You are viewing a plain text version of this content. The canonical link for it is here.
Posted to users@jackrabbit.apache.org by Paco Avila <mo...@gmail.com> on 2009/03/09 17:36:36 UTC

Datastore and garbage collection

I've reading http://wiki.apache.org/jackrabbit/DataStore and there is a
reference to "Running data store garbage collection". Actually do I need to
perform this task or is already implemented in the core?

-- 
Paco Avila
GIT Consultors
tel: +34 971 498310
fax: +34 971496189
e-mail: pavila@git.es
http://www.git.es

Re: Datastore and garbage collection

Posted by Paco Avila <mo...@gmail.com>.
This sounds interesting as a recommendation.
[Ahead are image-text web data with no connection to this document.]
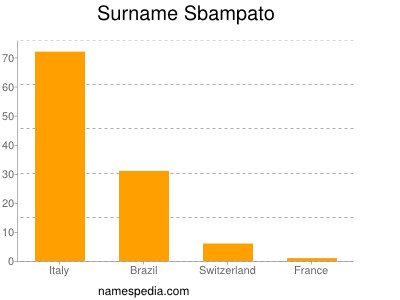 Surname Sbampato
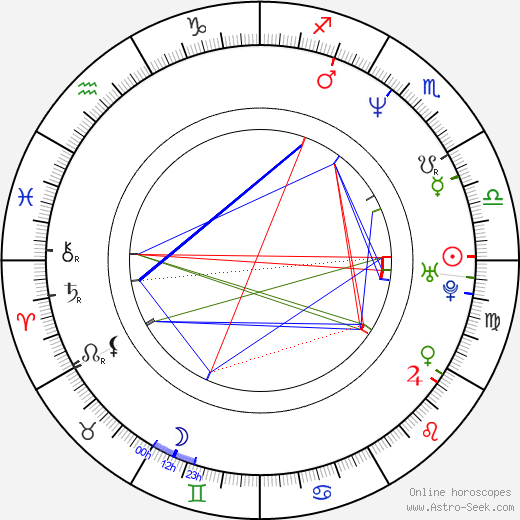 Jack Edward Sawyers birth chart, Jack Edward Sawyers astro natal horoscope, astrology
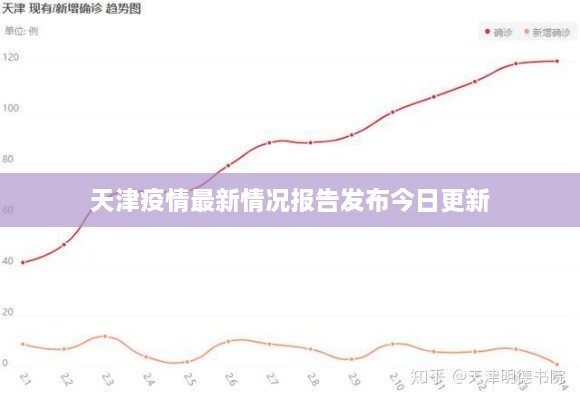 天津疫情最新情况报告发布今日更新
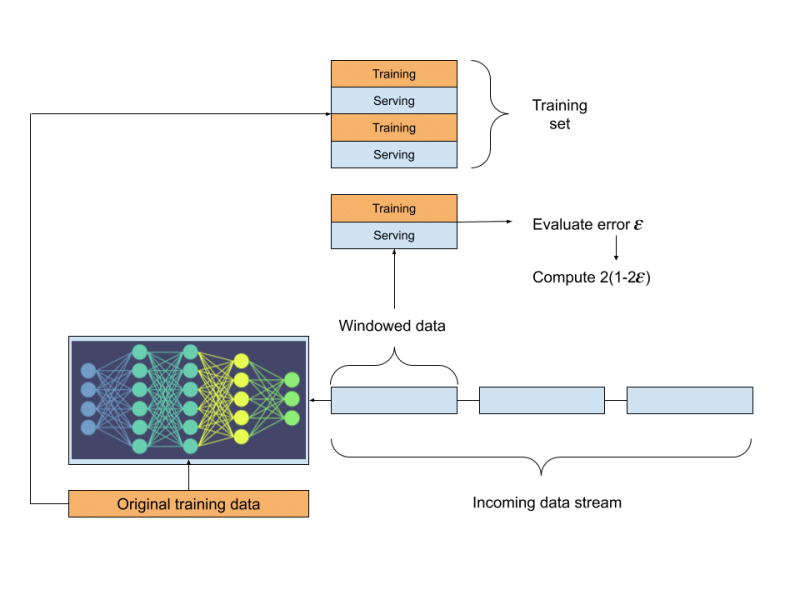 how-to-monitor-machine-learning-models-in-production-kili-technology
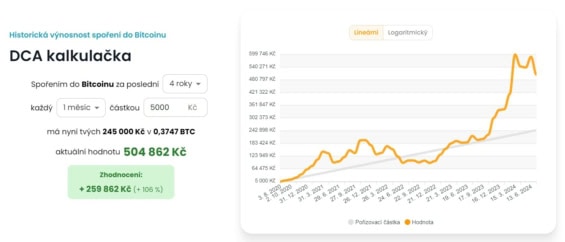 Ukázka zhodnocení při aplikaci DCA při investování do BTC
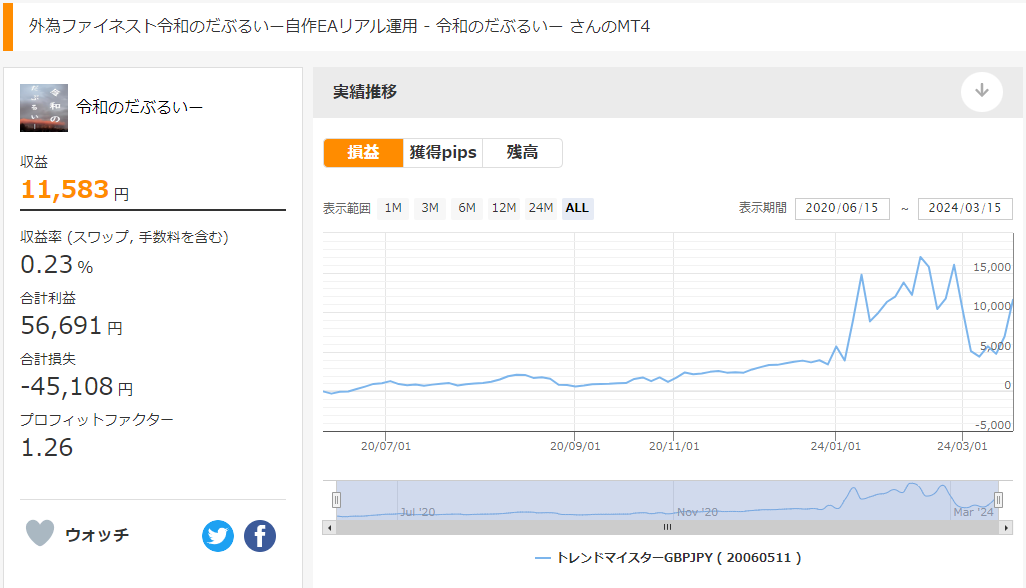 トレンドマイスターGBPJPY開発者・令和のだぶるいーさんの運用実績推移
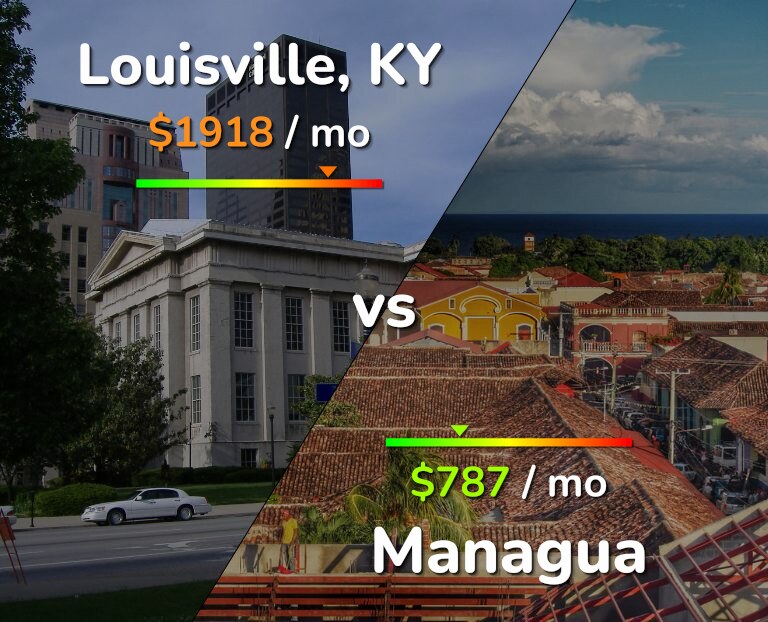 Cost of living in Louisville vs Managua infographic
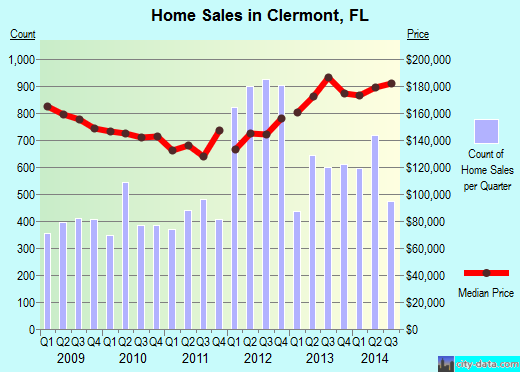 Clermont,FL real estate house value index trend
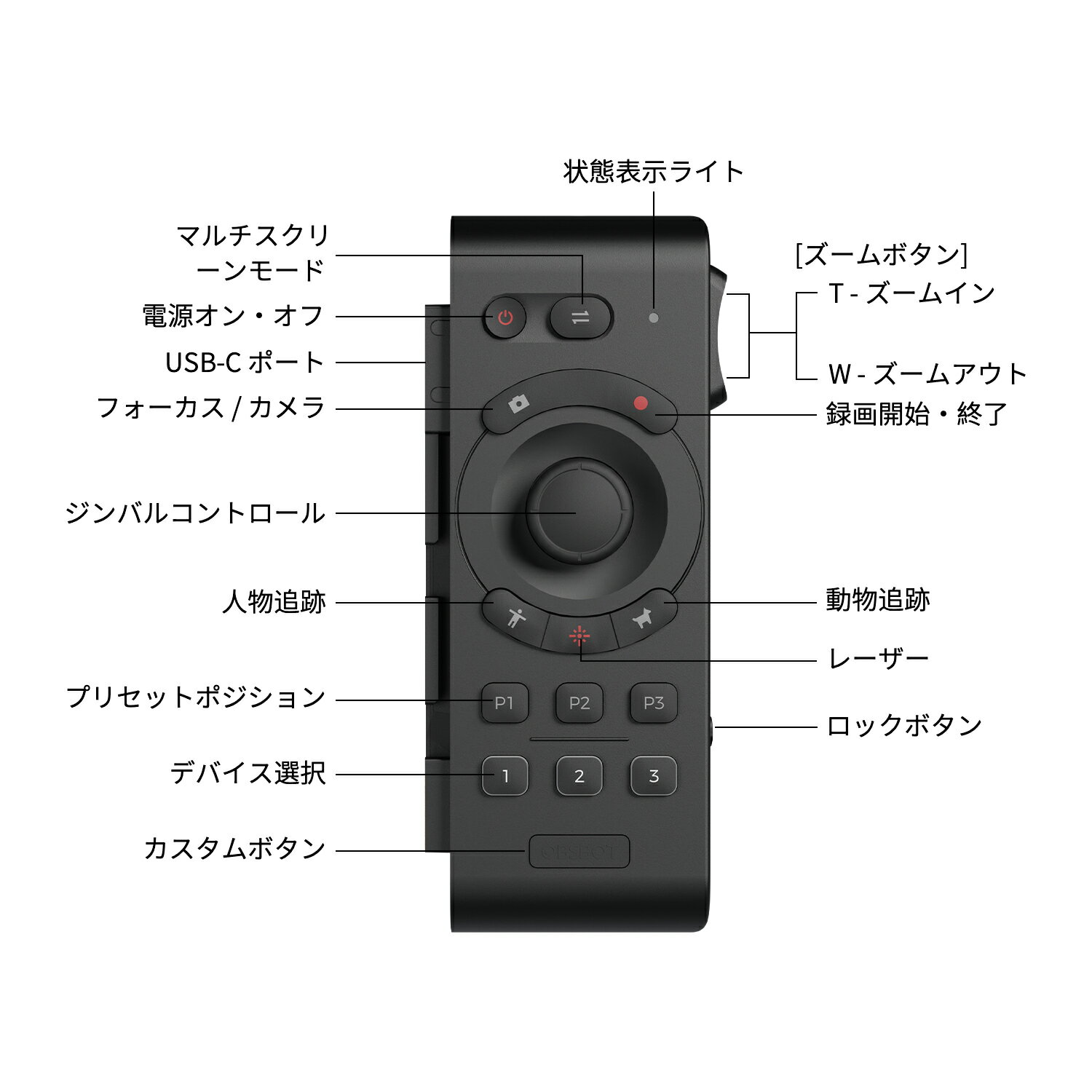 Tail Air用 スマートリモートコントローラー 最大3台操作 ジンバル・ズーム調整 追...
On Mon, Mar 9, 2009 at 7:55 PM, Jukka Zitting <ju...@gmail.com>wrote:

> Hi,
>
> On Mon, Mar 9, 2009 at 6:38 PM, Paco Avila <mo...@gmail.com> wrote:
> > Do you mean that GC only make sense if I delete documents from the
> > repository?
>
> Yes. I would even say that GC only makes sense if 1) you delete
> significant amounts of documents from the repository and 2) you add
> documents at an *exponential* rate that exceeds the growth in storage
> capacity.
>
> > I don't think that never run GC and keep all the documents (deleted one
> > included) is a good alternative in repositories with several GB of size
> > and big documents.
>
> It depends... For example, I currently shoot about 10GB of digital
> photos per month. Roughly 20% of the shots are so bad (blurry, poor
> composition, overexposed, etc.) that I discard them immediately. It
> would take just a few mouse clicks or a simple cron script to free up
> the disk space that those discarded images take. But the extra effort
> simply isn't worth it, since I will most likely have at least doubled
> my storage capacity before my current 500GB hard drive is even close
> to being filled up. Even the fact that I will probably only ever
> publish about 10% of my photos doesn't make much of a difference,
> since it costs so little to never delete anything. And I never need to
> worry about accidentally removing something.
>
> If your application is for personal use and you produce less than 10GB
> of data per month, then don't worry about garbage collection.
>
> If your application is for enterprise use and your customer produces
> less than 100GB-1TB data per month (depending on the size of the
> enterprise), then don't worry about garbage collection.
>
> BR,
>
> Jukka Zitting
>



-- 
Paco Avila
GIT Consultors
tel: +34 971 498310
fax: +34 971496189
e-mail: pavila@git.es
http://www.git.es

Re: Datastore and garbage collection

Posted by Jukka Zitting <ju...@gmail.com>.
Hi,

On Mon, Mar 9, 2009 at 6:38 PM, Paco Avila <mo...@gmail.com> wrote:
> Do you mean that GC only make sense if I delete documents from the
> repository?

Yes. I would even say that GC only makes sense if 1) you delete
significant amounts of documents from the repository and 2) you add
documents at an *exponential* rate that exceeds the growth in storage
capacity.

> I don't think that never run GC and keep all the documents (deleted one
> included) is a good alternative in repositories with several GB of size
> and big documents.

It depends... For example, I currently shoot about 10GB of digital
photos per month. Roughly 20% of the shots are so bad (blurry, poor
composition, overexposed, etc.) that I discard them immediately. It
would take just a few mouse clicks or a simple cron script to free up
the disk space that those discarded images take. But the extra effort
simply isn't worth it, since I will most likely have at least doubled
my storage capacity before my current 500GB hard drive is even close
to being filled up. Even the fact that I will probably only ever
publish about 10% of my photos doesn't make much of a difference,
since it costs so little to never delete anything. And I never need to
worry about accidentally removing something.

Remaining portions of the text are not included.